In 1970, Lancaster starred in the box-office hit, air-disaster drama Airport. He experienced a career resurgence in 1980 with the crime-romance Atlantic City, winning the BAFTA for Best Actor and landing his fourth Oscar nomination. Starting in the late 1970s, he also appeared in television mini-series, including the award-winning Separate but Equal with Sidney Poitier. He continued acting into his late 70s, until a stroke in 1990 forced him to retire; four years later he died from a heart attack. His final film role was in the Oscar-nominated Field of Dreams.
Lancaster was born on November 2, 1913, in Manhattan, New York, at his parents' home at 209 East 106th Street, the son of Elizabeth (née Roberts) and mailman James Lancaster. Both of his parents were Protestants of working-class origin. All four of his grandparents were immigrants from Ireland to the United States, from the province of Ulster; his maternal grandparents were from Belfast and were descendants of English immigrants to Ireland.
Lancaster grew up in East Harlem and spent much of his time on the streets. He developed a great interest and skill in gymnastics while attending DeWitt Clinton High School, where he was a basketball star. Before he graduated from DeWitt Clinton, his mother died of a cerebral hemorrhage. Lancaster was accepted by New York University with an athletic scholarship, but subsequently dropped out.

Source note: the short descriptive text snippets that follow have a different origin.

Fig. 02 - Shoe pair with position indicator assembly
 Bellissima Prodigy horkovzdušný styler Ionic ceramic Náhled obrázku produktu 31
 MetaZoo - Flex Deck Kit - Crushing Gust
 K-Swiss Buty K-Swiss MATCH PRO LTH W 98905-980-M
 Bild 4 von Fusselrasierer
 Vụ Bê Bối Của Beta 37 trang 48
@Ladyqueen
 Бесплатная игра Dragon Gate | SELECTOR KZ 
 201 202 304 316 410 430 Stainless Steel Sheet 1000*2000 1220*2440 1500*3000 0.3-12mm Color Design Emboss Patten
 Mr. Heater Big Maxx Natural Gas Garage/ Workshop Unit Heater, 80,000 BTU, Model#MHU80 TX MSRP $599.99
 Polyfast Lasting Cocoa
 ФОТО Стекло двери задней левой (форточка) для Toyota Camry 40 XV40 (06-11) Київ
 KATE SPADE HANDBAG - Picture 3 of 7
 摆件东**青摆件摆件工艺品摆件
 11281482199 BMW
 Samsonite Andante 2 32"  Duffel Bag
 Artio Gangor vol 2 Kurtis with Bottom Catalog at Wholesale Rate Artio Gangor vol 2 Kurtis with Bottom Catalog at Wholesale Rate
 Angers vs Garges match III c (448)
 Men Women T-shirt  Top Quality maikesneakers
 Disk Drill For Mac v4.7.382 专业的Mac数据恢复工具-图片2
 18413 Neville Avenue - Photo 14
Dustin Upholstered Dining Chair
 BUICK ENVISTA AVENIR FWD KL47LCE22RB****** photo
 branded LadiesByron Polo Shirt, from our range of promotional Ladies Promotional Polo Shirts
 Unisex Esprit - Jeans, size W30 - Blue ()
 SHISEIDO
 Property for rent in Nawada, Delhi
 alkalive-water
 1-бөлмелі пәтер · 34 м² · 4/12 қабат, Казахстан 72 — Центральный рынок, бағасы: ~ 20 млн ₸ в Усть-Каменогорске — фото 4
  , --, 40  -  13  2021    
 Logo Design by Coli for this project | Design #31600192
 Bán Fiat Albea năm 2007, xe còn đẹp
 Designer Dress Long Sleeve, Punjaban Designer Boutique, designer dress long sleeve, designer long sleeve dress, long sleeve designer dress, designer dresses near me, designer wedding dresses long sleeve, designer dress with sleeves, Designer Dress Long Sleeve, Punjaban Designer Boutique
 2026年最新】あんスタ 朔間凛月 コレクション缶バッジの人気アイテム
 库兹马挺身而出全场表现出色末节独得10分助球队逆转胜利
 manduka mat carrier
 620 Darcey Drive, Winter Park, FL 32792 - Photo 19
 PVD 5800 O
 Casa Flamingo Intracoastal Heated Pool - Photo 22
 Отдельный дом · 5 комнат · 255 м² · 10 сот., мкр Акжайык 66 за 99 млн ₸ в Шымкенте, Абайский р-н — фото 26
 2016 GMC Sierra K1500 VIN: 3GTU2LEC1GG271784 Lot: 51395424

At the age of 9, Lancaster met Nick Cravat with whom he developed a lifelong partnership. Together, they learned to act in local theatre productions and circus arts at Union Settlement, one of the city's oldest settlement houses. In the 1930s, they formed the acrobat duo Lang and Cravat and soon joined the Kay Brothers circus. However, in 1939, an injury forced Lancaster to give up the profession, with great regret. He then found temporary work, first as a salesman for Marshall Fields and then as a singing waiter in various restaurants.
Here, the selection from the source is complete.